Fotografie di Gio Blonde
Mia madre mi ripeteva come una favola “Il Mito di Er” di Platone, ovvero che prima di nascere l’anima di ciascuno di noi sceglie un disegno che poi vivremo sulla terra, e riceve una sorta di guida/compagno, un daimon, che è unico per ognuno di noi. Ma una volta nati ci dimentichiamo di tutto ciò e crediamo di essere venuti vuoti. È il daimon che ci ricorda il contenuto della nostra immagine, è lui quindi il portatore del nostro destino.

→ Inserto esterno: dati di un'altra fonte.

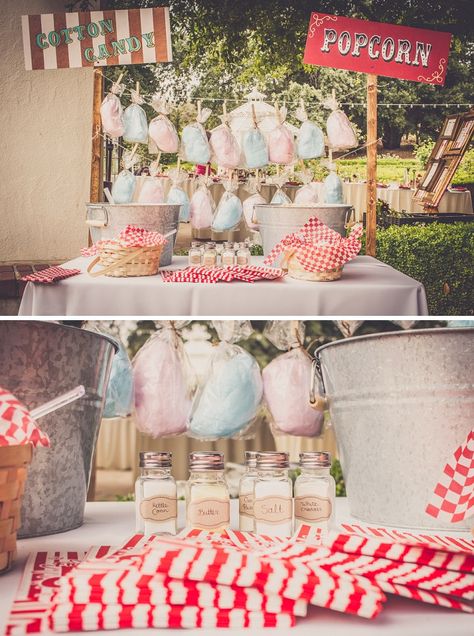 We're loving this gorgeous cotton candy and dessert bar at this fun carnival wedding! Wedding Backdrop Reception, Carnival Wedding Theme, Vintage Carnival Party, Vintage Carnival Wedding, Diy Carnival, Circus Carnival Party, Circus Wedding, Circus Theme Party, Wedding Reception Fun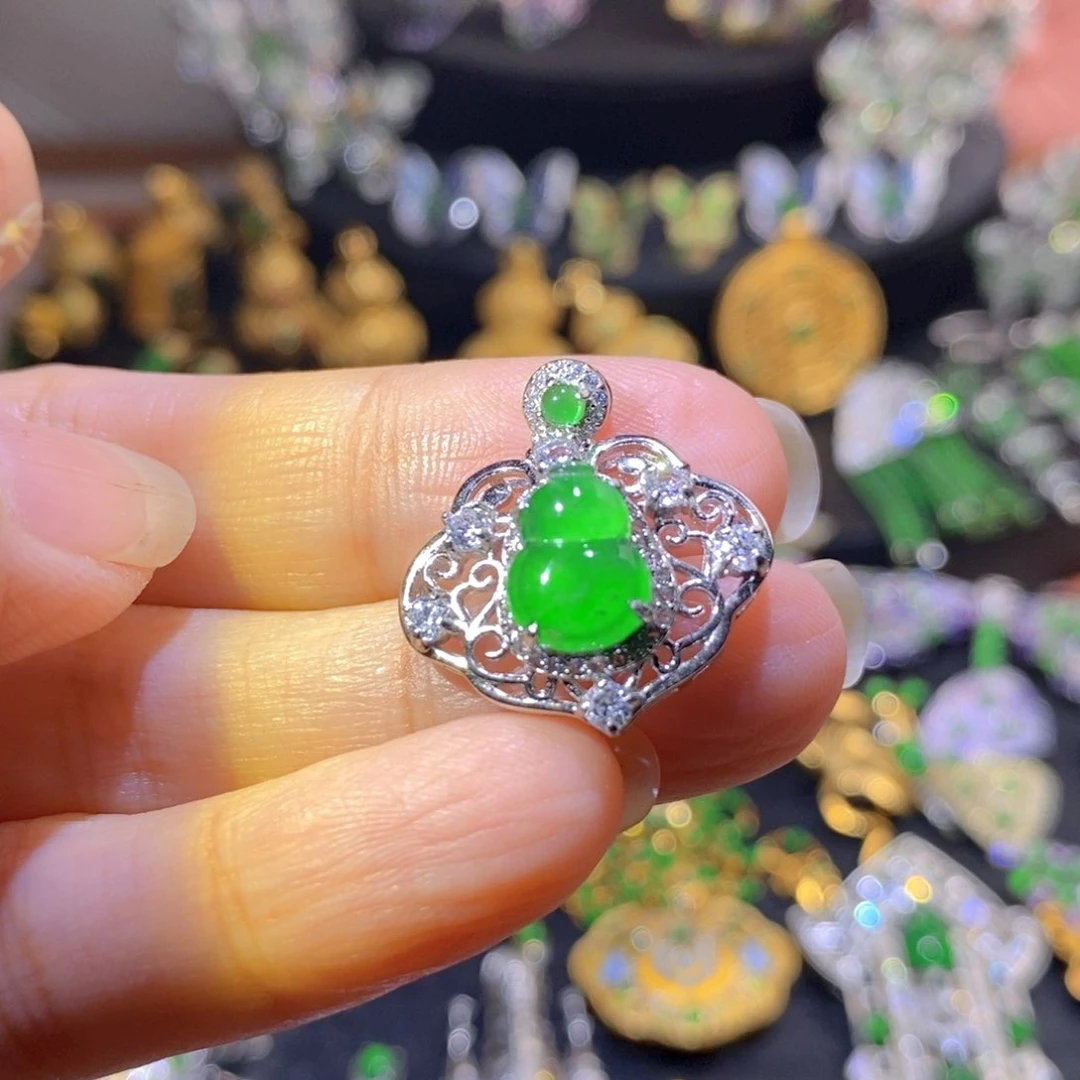 吊坠(不含链)银S925镶嵌翡翠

La parola dáimōn ha origine dal greco e significa infatti messaggero divino, spirito guida che sta in una sorta di terra di mezzo la stessa in cui risiede l’anima, e fa da tramite tra Dio e l’uomo.
Per Aristotele, il daimon simboleggiava virtù e saggezza, l’essenza più illuminata dell’essere umano, dentro al quale si nasconde il proprio potenziale.
E’ sempre mamma che m’ha tramesso ogni odore di sacralità . E questo ha creato tra me e lei ( e tra me e il mio Matrix ) un legame particolare, quasi benedetto, che porto dentro e ancora ricerco. Quando dico non “c’è fotografia senza trauma” è un po’ questo credo: è il mio rebirthing personale che con la fotografia provo a rivivere: ogni mancanza, ogni amore, ogni lutto. Paura e desiderio .
Se penso alle stanze di casa a G. sono intrise di sacralità : madonne, crocifissi, rosari, candele, quadri, libri sacri. Ogni racconto ed ogni viaggio ha creato in me uno stato di estasi E paura.
Per sacralità non intendo una condizione spirituale, mi riferisco a potenze e poteri che l’uomo sente di avere come superiori a sé, e perciò sono come dire altre e oltre a quelle umane . Mia madre ne aveva. Io ne ho, quando fotografo soggetti altrettanto divini. Come i miei Daemon
Ho sempre temuto il sacro come ne sono sempre stata attratta . Crea in me una sorta di estasi, dimentico ogni altro pensiero; produce uno stato di vera beatitudine.Ogni Madonna incontrata. Ogni daemon fotografato.
È l’unico modo che conosco (ad ora) per ricordare mia madre, sentirla. E mettere gratitudine a questa cicatrice d’infinita nostalgia.